_Assigned task_
In the material below, find the line with "Omina black insulated"; set down that line and every line after it to the end, exactly, without pictures.

_Collected data_

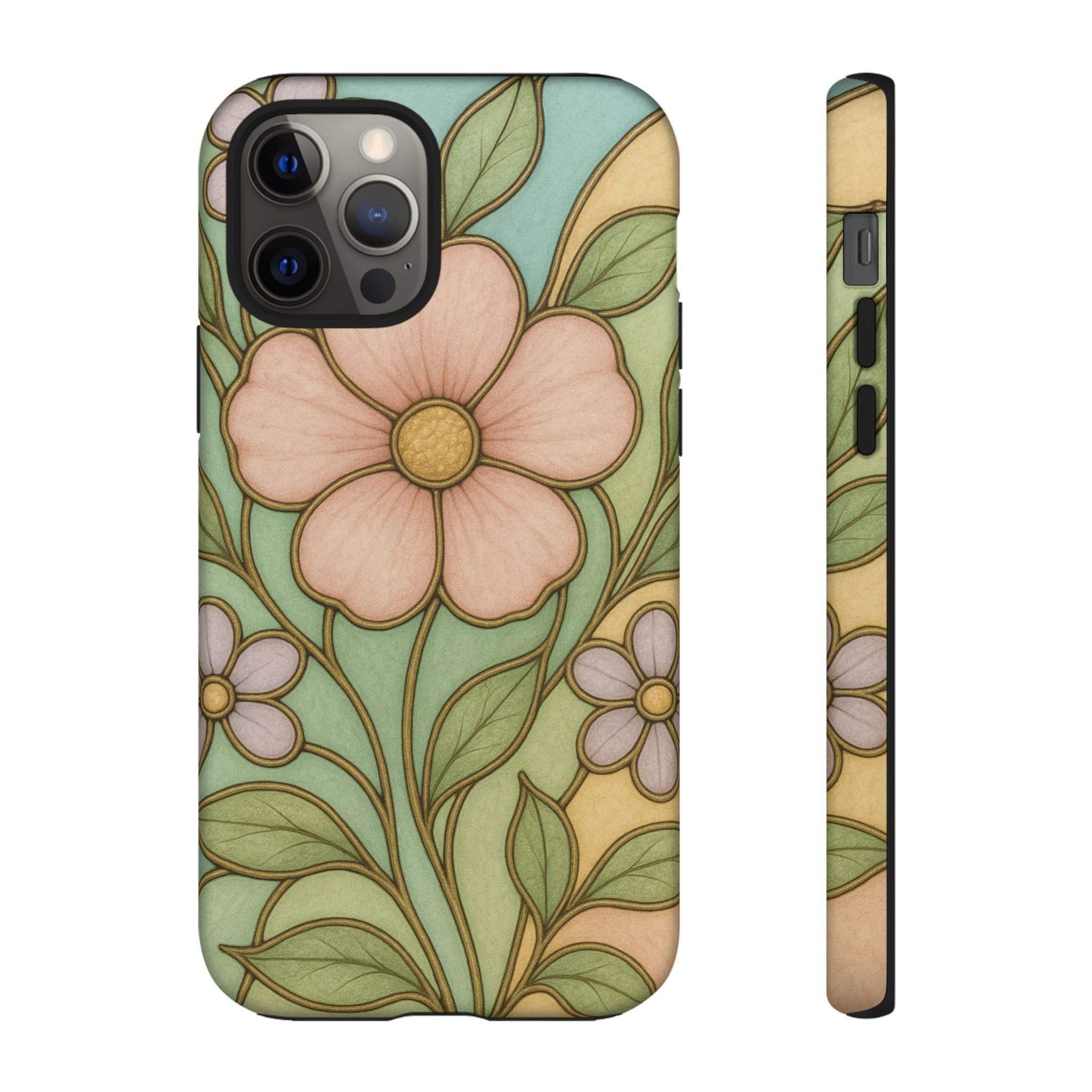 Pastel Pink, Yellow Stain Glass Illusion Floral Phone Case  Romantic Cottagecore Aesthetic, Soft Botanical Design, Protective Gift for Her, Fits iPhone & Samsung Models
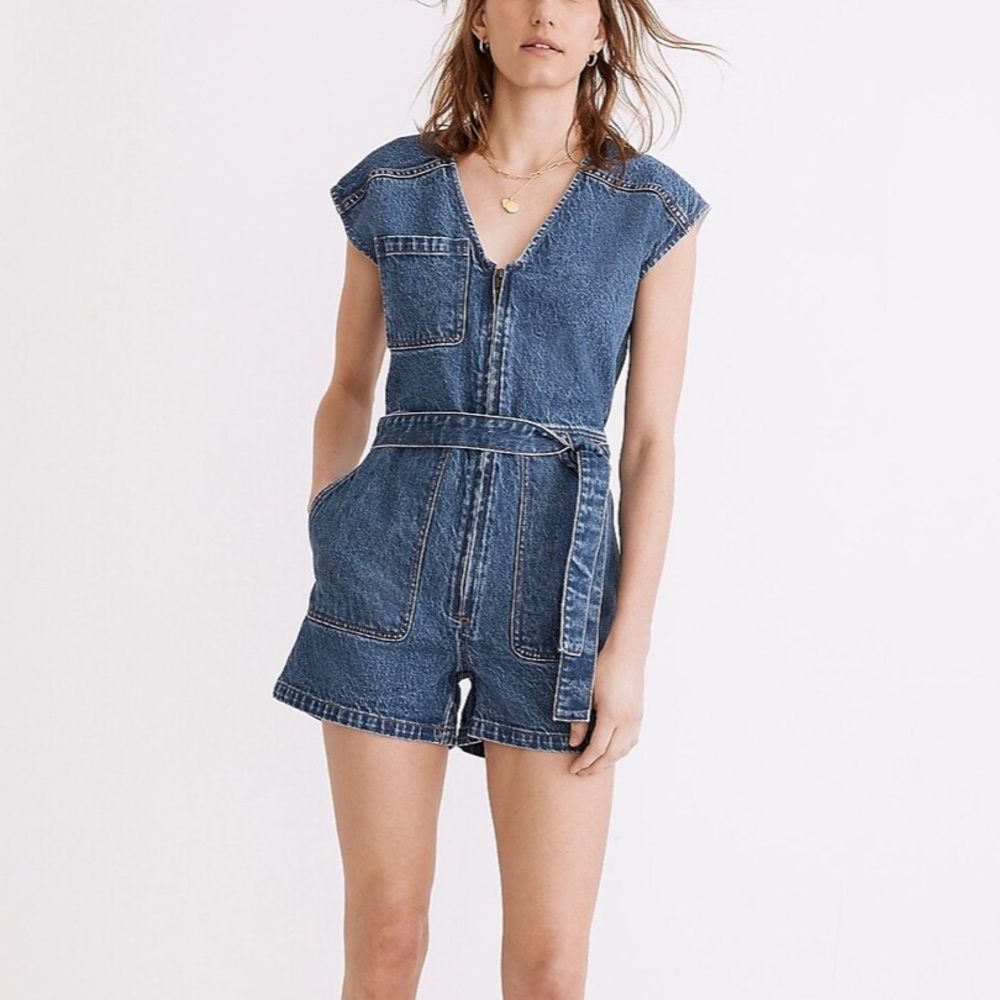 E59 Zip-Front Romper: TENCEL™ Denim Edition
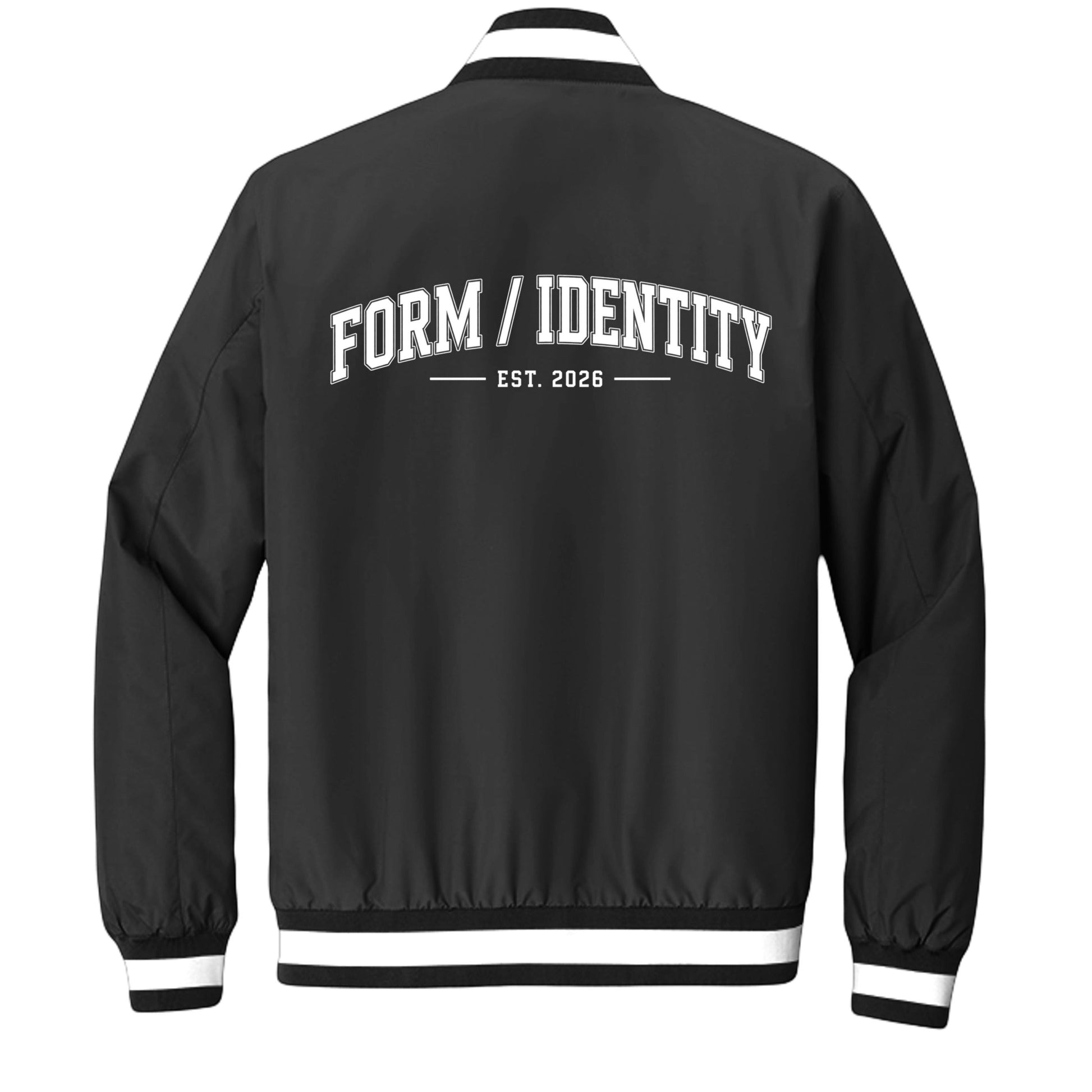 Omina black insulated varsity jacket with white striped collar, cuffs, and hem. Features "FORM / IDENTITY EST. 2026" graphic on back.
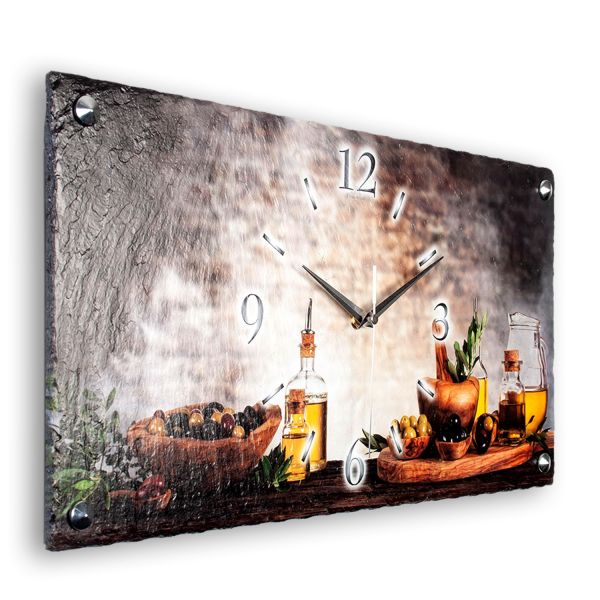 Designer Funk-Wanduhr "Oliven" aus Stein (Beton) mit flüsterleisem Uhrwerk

_Completed task_
 Omina black insulated varsity jacket with white striped collar, cuffs, and hem. Features "FORM / IDENTITY EST. 2026" graphic on back.
 Designer Funk-Wanduhr "Oliven" aus Stein (Beton) mit flüsterleisem Uhrwerk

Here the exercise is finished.